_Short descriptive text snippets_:
____
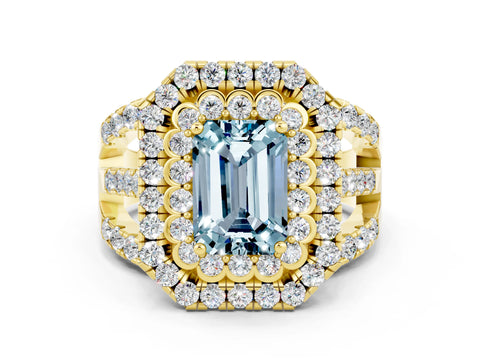 Yellow gold Double Halo Emerald Cut Diamond Split Shank Pave Set Ring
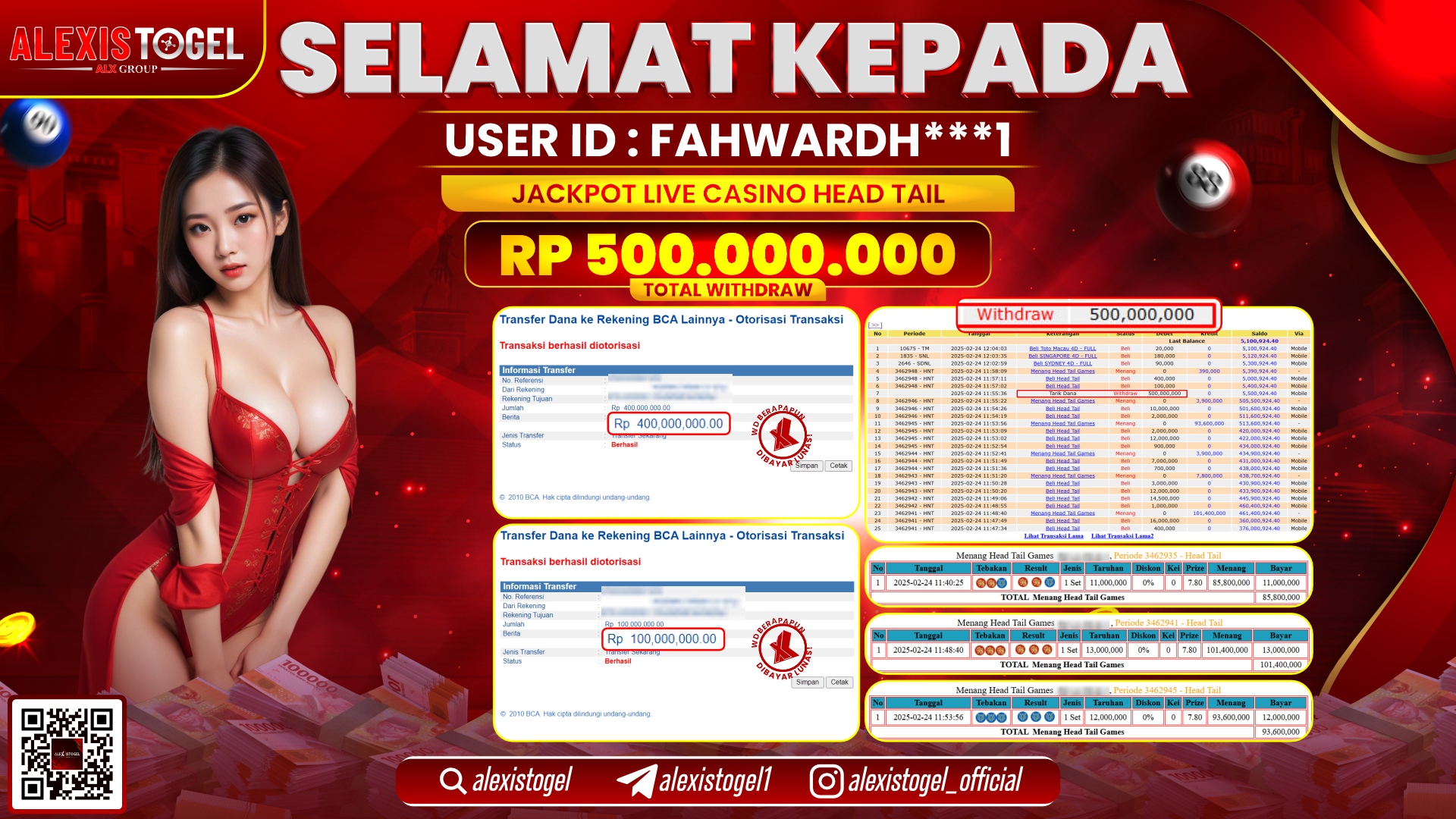 ALEXISTOGEL di LIVE CASINO HEAD TAIL RP.500.000.000 LUNAS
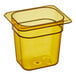 A yellow Cambro H-Pan plastic food pan with a lid.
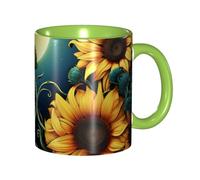 BWQMNT - Sunflower Coffee Mug, 11oz Porcelain Coffee Mug with Handle, Ceramic Tea Cup for Women Men, Travel Mugs, Latte Coffee Mug for Office and Home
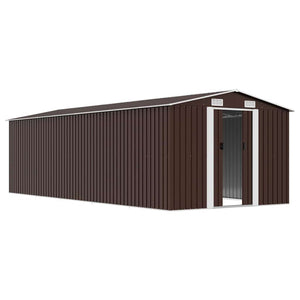 Gerätehaus 257x580x181 cm Metall Braun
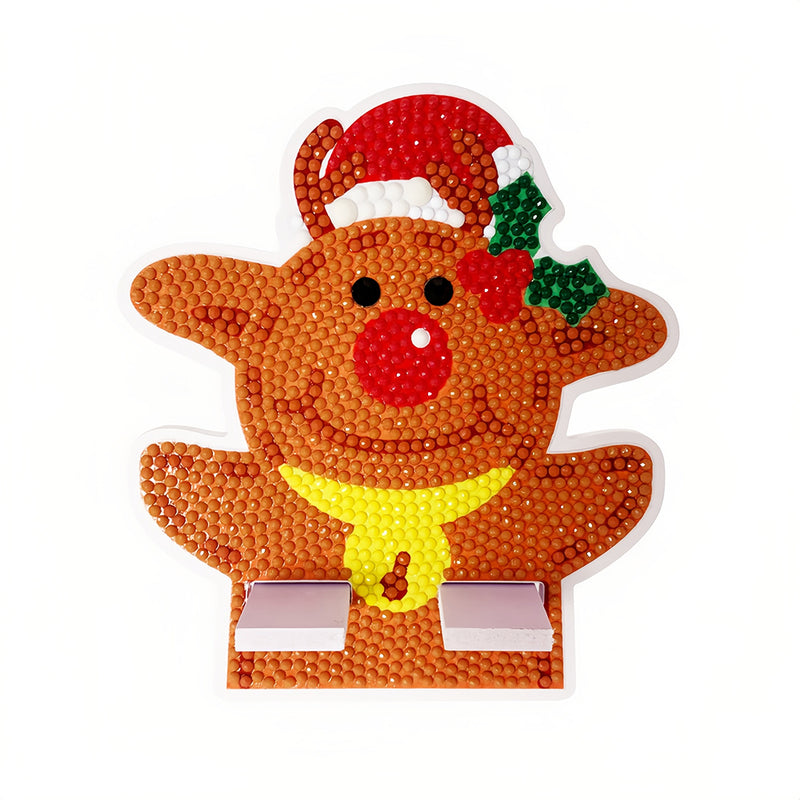 Cute Christmas Bear Mobile Phone Resin Holder Diamond Painting Kits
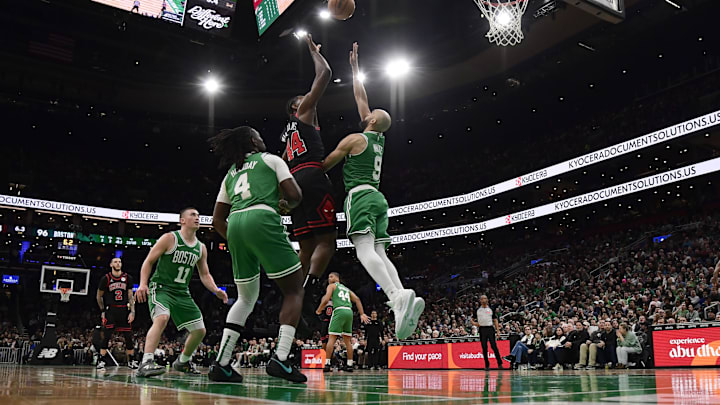 Jan 29, 2025; Boston, Massachusetts, USA; Chicago Bulls forward Patrick Williams (44) shoots the ball over Boston Celtics guard Derrick White (9) during the second half at TD Garden. Mandatory Credit: Bob DeChiara-Imagn Images Jan 29, 2025; Boston, Massachusetts, USA; Chicago Bulls forward Patrick Williams (44) shoots the ball over Boston Celtics guard Derrick White (9) during the second half at TD Garden. Mandatory Credit: Bob DeChiara-Imagn Images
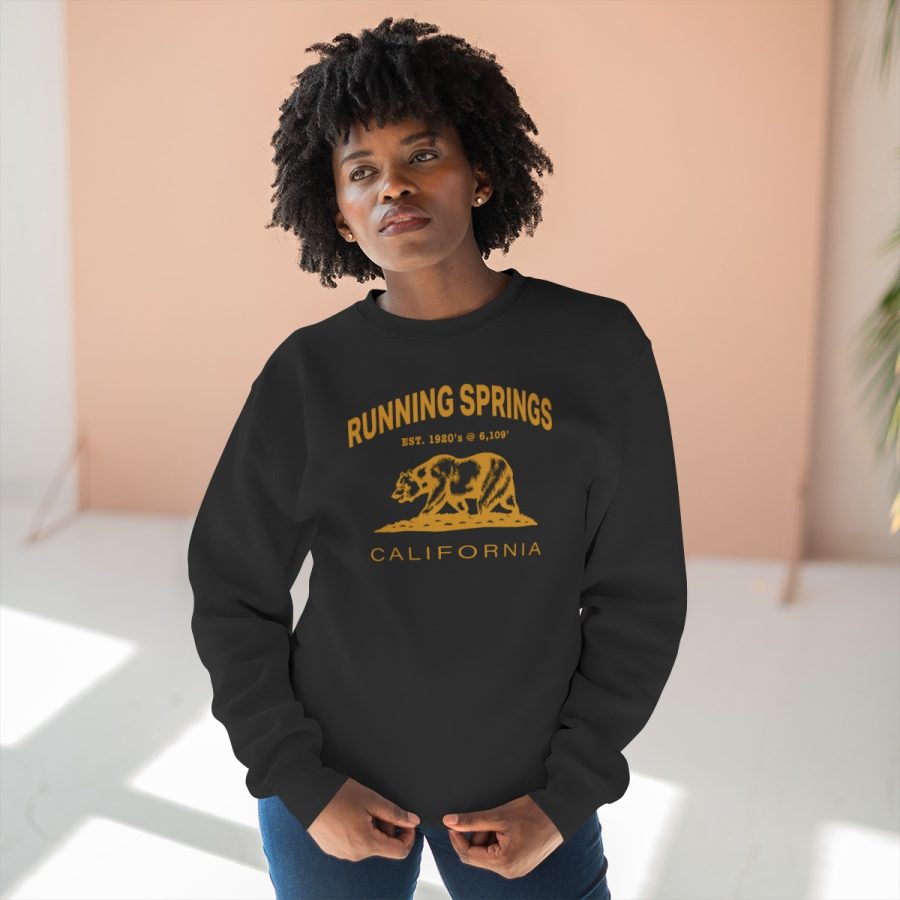 running springs, ca premium california bear crewneck sweatshirt with est. date + elevation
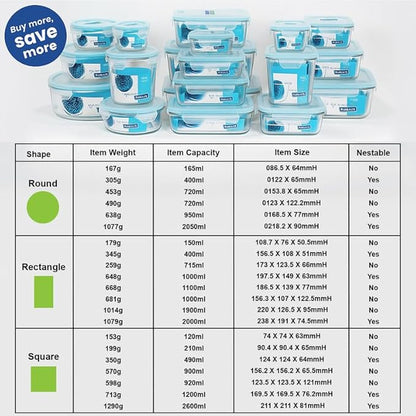 Glasslock Rectangle Glass Storage Container — Airtight, 715ml to 2L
____
Every line above between the one containing "A yellow Cambro" and the one containing "Cute Christmas Bear", those two included, is to be printed exactly. No pictures go into the copy.

_REPLY TO THE EXERCISE_:
 A yellow Cambro H-Pan plastic food pan with a lid.
 BWQMNT - Sunflower Coffee Mug, 11oz Porcelain Coffee Mug with Handle, Ceramic Tea Cup for Women Men, Travel Mugs, Latte Coffee Mug for Office and Home
 Gerätehaus 257x580x181 cm Metall Braun
 Cute Christmas Bear Mobile Phone Resin Holder Diamond Painting Kits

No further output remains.